◆ Task details
Give the listing again word for word. Leave every image out.

◆ Supplied information
--- --- ---

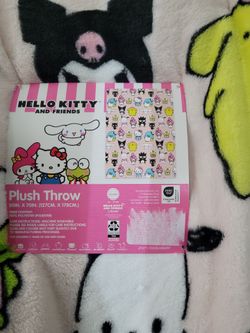 Hello Kitty & Friends Plush Throw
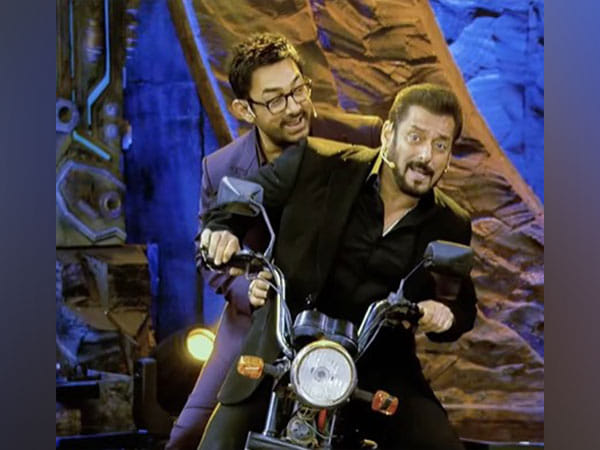 'Bigg Boss 18' finale: Salman Khan, Aamir Khan recreate 'Andaz Apna Apna' iconic scene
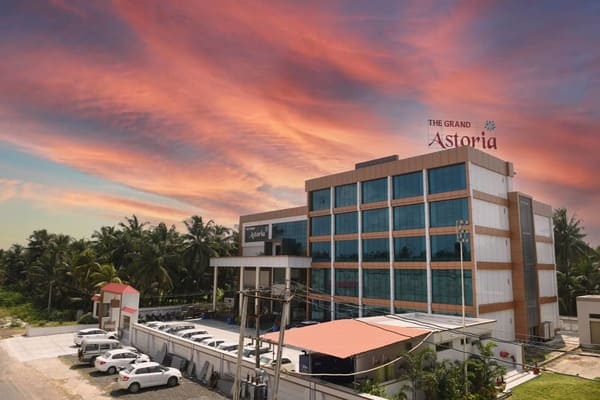 Omnitel The Grand Astoria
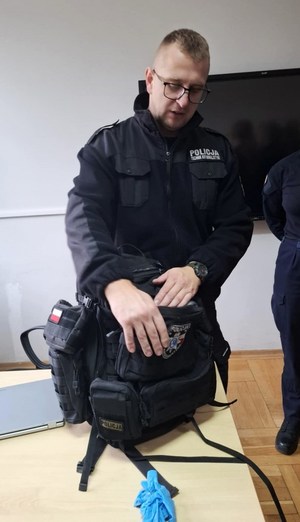 policjant podczas prelekcji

--- --- ---

◆ Exercise output
 Hello Kitty & Friends Plush Throw
 'Bigg Boss 18' finale: Salman Khan, Aamir Khan recreate 'Andaz Apna Apna' iconic scene
 Omnitel The Grand Astoria
 policjant podczas prelekcji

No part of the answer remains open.